A key source of comfort during the financial turmoil of recent weeks has been the consensus that the world economy remains strong.

This is important, for it means that even if the financial contagion continues to spread, the world economy will prove resilient to the shock.

There can be no doubt that the world economy is in better health than it was during 1997-99. At that time, emerging markets with stretched fundamentals staggered from one crisis to another, starting with the Asian flu, then the Russian crisis, and then it spread to Latin America. Global growth slowed, but at the time, it was all an emerging market story. Despite the associated financial turbulence, the major economies managed to perform reasonably well.

This time, it's the other way around. The U.S. economy has clearly slowed. The housing market is in recession and is likely to remain so for a long time. GDP growth averaged 2.9 per cent in 2006, but averaged two per cent in the first half of this year (an inventory-led exaggerated dip in Q1 and a temporary rebound in Q2).

Importantly, consumer spending appears to be slowing, with latest retail sales growth at 3.3 per cent.
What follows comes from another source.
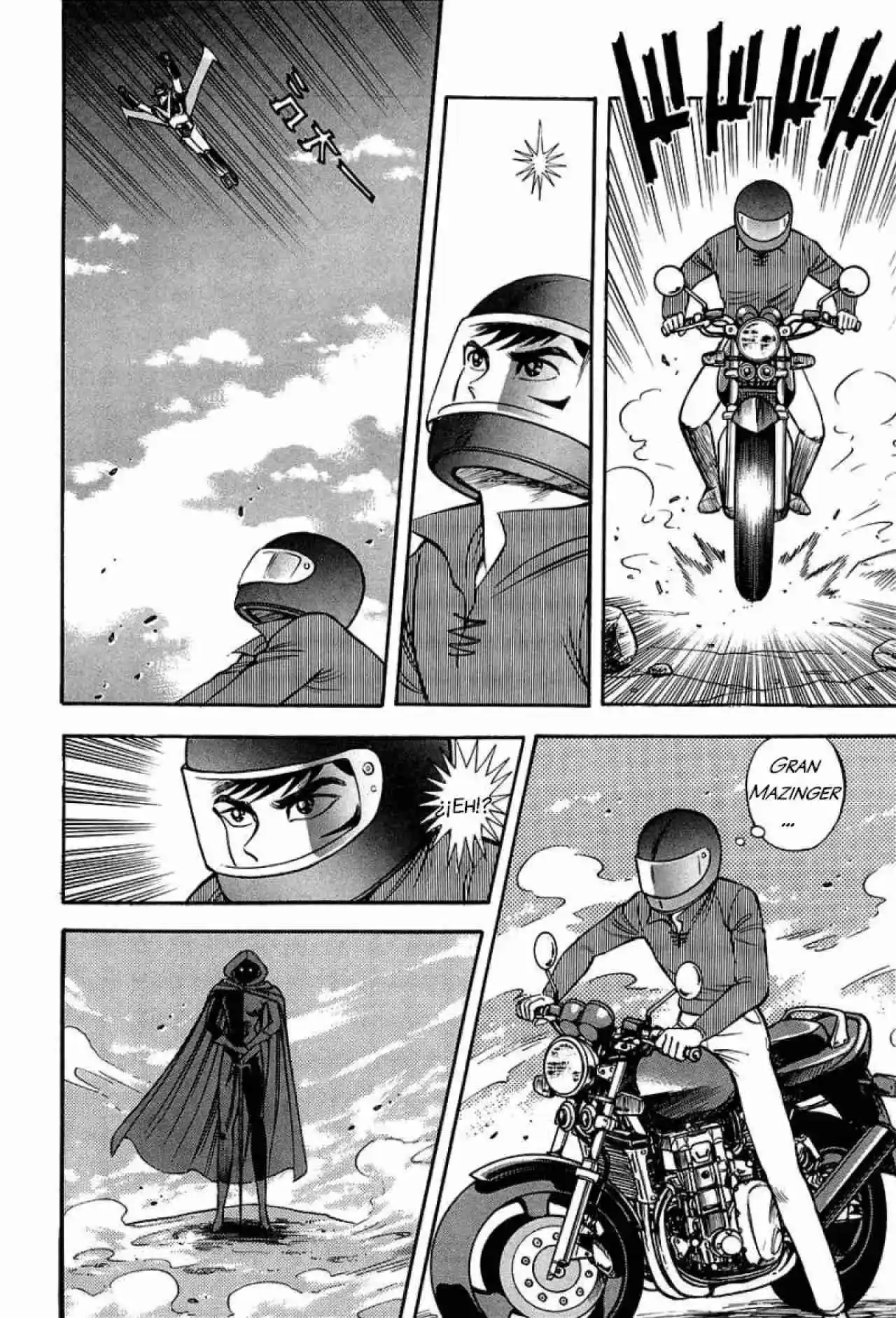 Mazinkaiser - Capítulo 1 - Página 20 - LectorTMOo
And recent volatility in financial markets is creating a risk that confidence will be dampened further. Growth is likely to slip below the two-per-cent level during the second half of the year.
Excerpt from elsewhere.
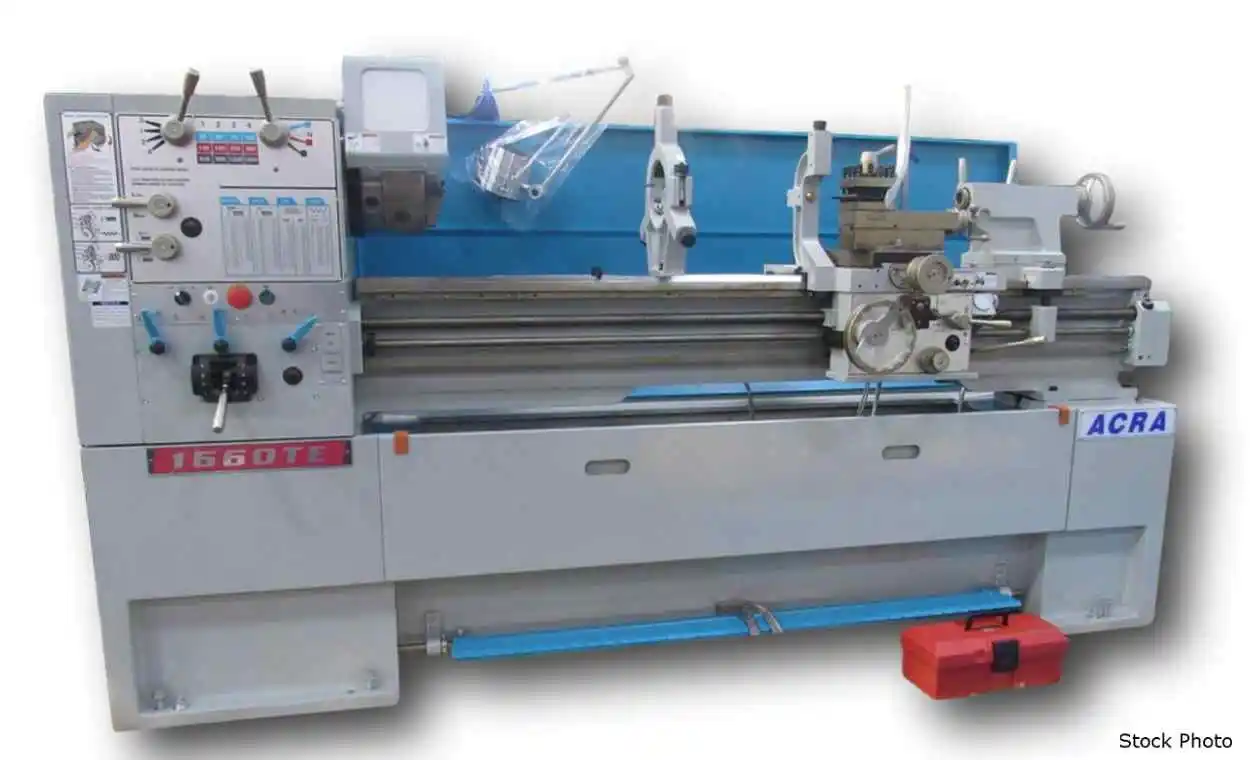 NEW ACRA 1660TE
But growth in the rest of the world remains strong, right? Well, not in Japan. Growth averaged 2.5 per cent in 2006, and rose to 3.2 per cent in 2007Q1, but then fell dramatically to 0.5 per cent in the second quarter. Two sources of weakness were apparent in the data - the Japanese consumer remains weak (latest retail sales growth of -0.4 per cent) and exports to the U.S. have slowed.

But Europe is experiencing a renaissance, right? True, the European economy has seen a return to good growth, led by Germany. But, again, the most recent news is less than stellar. After averaging just over three-per-cent growth in 2006, European growth eased to 2.8 per cent in the first quarter and then to 1.6 per cent in the second quarter.

Again, consumers appear to be taking a breather - the latest retail sales figures show growth running at 2.2 per cent - and exports to the U.S. have slowed.

This time around, the major markets are moderating, while the emerging market economies remain strong. Brazil, Russia, India and especially China are all humming. China, in particular, is scrambling to slow its economy by tightening monetary policy.

Nevertheless, these economies are all reliant to some degree on the majors for final demand, either directly through exports or indirectly through strong prices for commodities.

Between them, the U.S., the EU and Japan make up 45 per cent of the world economy, a fact that keeps them in the driver's seat. Brazil, Russia, India and China together constitute about 27 per cent of the world economy, so it would take a significant acceleration in their growth to offset a moderation in the Big 3. This is not in the cards.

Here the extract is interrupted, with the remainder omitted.